If rental prices will come down, does anyone know a spacious 2BR (+storage or maids room) for 160k or lower in a good neighbourhood (like Dubai Marina, Old Town, etc..). I am already here, but looking around for a more quiet place, thanks, DB


----------



## Dubai Wanderer (Oct 18, 2008)

DesertStranded said:


> Hey Maz, does your flatmate have any rentals available on a monthly basis? With banks not giving loans to people looking to pay a years rent up front do you think many RE agents will come to their senses and let people pay monthly?


Wait...wait....wait whats this ...I thought the only way to manage this 'rent up front' was to get a loan from the bank. I have a few friends in AD and they have all taken loans from HSBC to pay for accomodation!! Has the situation changed!!

Bit worried as hubby has headed out there already in shared accomodation...and we hoped to Join him in Jan..as per above our plan was to borrow rent up front...


----------



## DesertStranded (Oct 9, 2008)

Do to the financial crisis I know of people here being turned down for loans to buy cars or pay for accommodation. That makes it tough when RE agents crazily want a year's rent up front.

Right now i'm stuck between a rock and a hard place. I can't afford to pay for a year up front so I had to find a guy willing to rent a studio on a monthly basis. However, after 6 months he increased the rent by 500 dirhams and just 3 months later he's increasing the rent AGAIN another 500 dirhams. Now i'm worried the ****** is going to just keep on increasing the rent every 3 months. Feck geometrics re, they suck.


----------



## sgilli3 (Mar 23, 2008)

Dubai Wanderer said:


> Wait...wait....wait whats this ...I thought the only way to manage this 'rent up front' was to get a loan from the bank.
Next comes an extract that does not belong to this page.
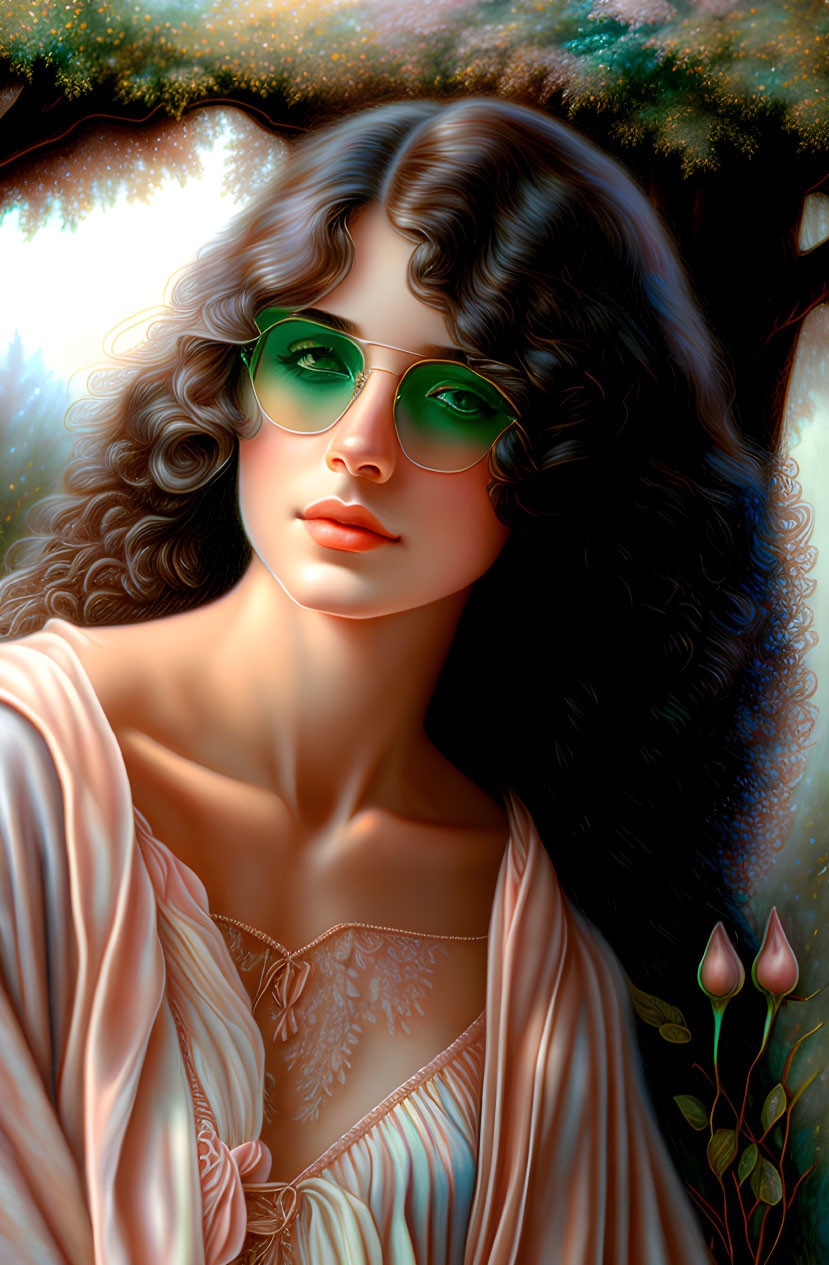 Curly Haired Woman in Green Sunglasses on Nature Background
I have a few friends in AD and they have all taken loans from HSBC to pay for accomodation!! Has the situation changed!!
> 
> Bit worried as hubby has headed out there already in shared accomodation...and we hoped to Join him in Jan..as per above our plan was to borrow rent up front...


Is he not getting any housing allowance?
Can he not get an interest free loan from his employer? 
This way the employer pays rent, and payments ( divided over the 12 months), are taken from his wage each month.
Also ask if you can pay with more than 1 cheque ( this may work out a little more expensive, but no harm in asking)

Yes, a lot of banks have stopped giving out substantial loans for rent up front.


----------